The Dow Index was first published in 1896 comprising 12 smokestack companies. DJIA grew to encompass 30 large industrial companies and became a popular business barometer. DJIA accounts for about 20% of the market value of all US equities. Dow Jones Industrial Average (DJIA) is an index of 30 largest and most liquid blue chip stocks traded on the New York Stock Exchange (NYSE). The average is maintained by the editors of the Wall Street Journal. Unlike the S&P 500, DJIA is a price weighted index.

Movement in the DJIA is sensitive to the news surrounding the 30 companies represented in the index particularly that with the highest prices as Dow is a price weighted index. Today DJIA is the most widely quoted market indicator in newspapers, radio, television and electronic media around the world.

Most countries with a vibrant stock market also have a futures contract on a stock index that represents that economy. Its not surprising that some of the most popular futures contracts are related to equity markets.  Stock-index futures are an integral part of the stock markets daily activity. Currently more than 70 stock-index futures contracts are traded on at least 20 exchanges around the world.

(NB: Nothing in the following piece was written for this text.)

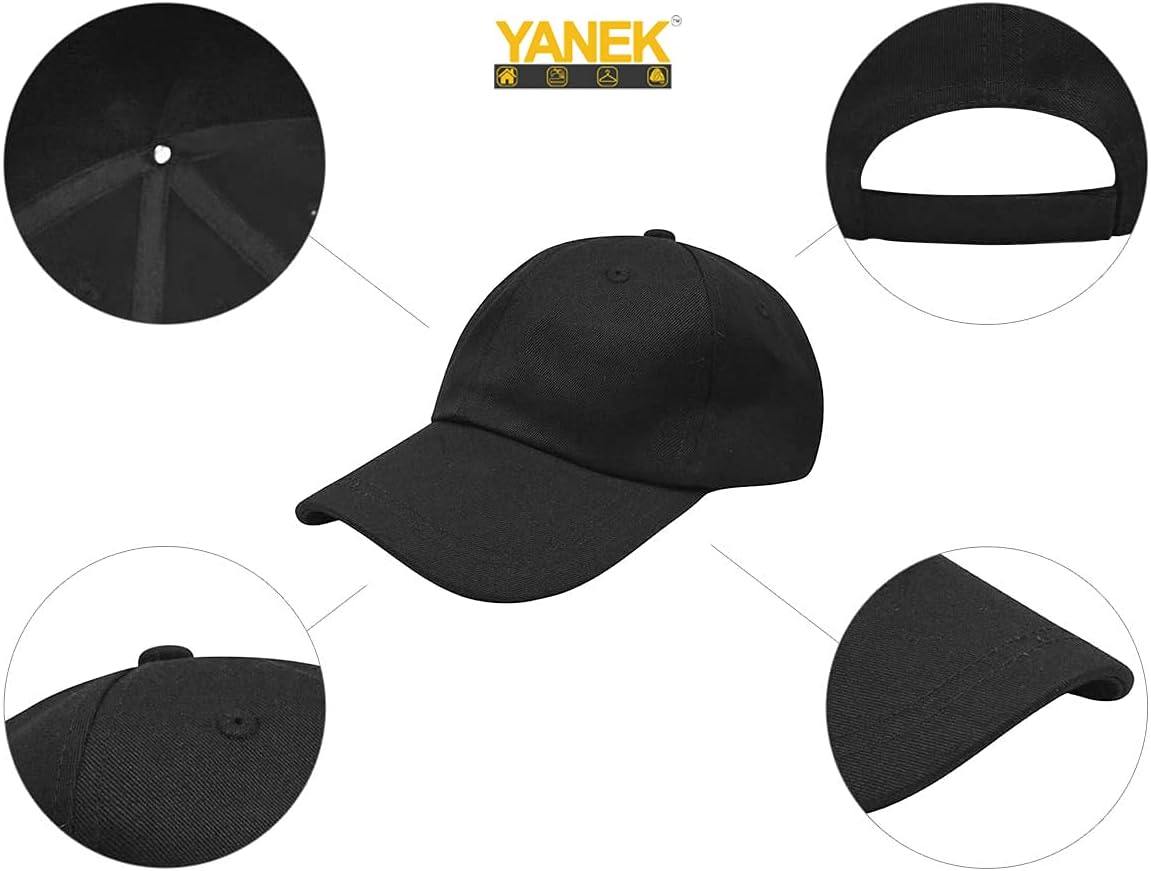 YANEK Plain Baseball Cap – Cotton Adjustable Dad Hat with Velcro | Classic Sports Cap for Men & Women | Wholesale Caps UAE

For example futures contracts are available on the Dow Jones Industrial Average (DJIA) as well as the broader Standard & Poor (S&P) 500 Index and the technology oriented NASDAQ-100 index known as Dow Futures, S&P 500 Futures and NADAQ-100 Futures and many other indexes in US. There are now many ETFs available also based on most of these indexes.

Similarly Hong Kong has Hang Seng Futures Contract on its famous Hang Seng Stock Index, France has CAC 40 futures contract on its CAC-40 stock index and United Kingdom (UK) has FTSE-100 futures contract on its famous FTSE-100 stock index, and Dow Jones Euro STOXX 50 covers selected stocks in the euro economy. DAX is another important stock index that ives a good measure of the German economy.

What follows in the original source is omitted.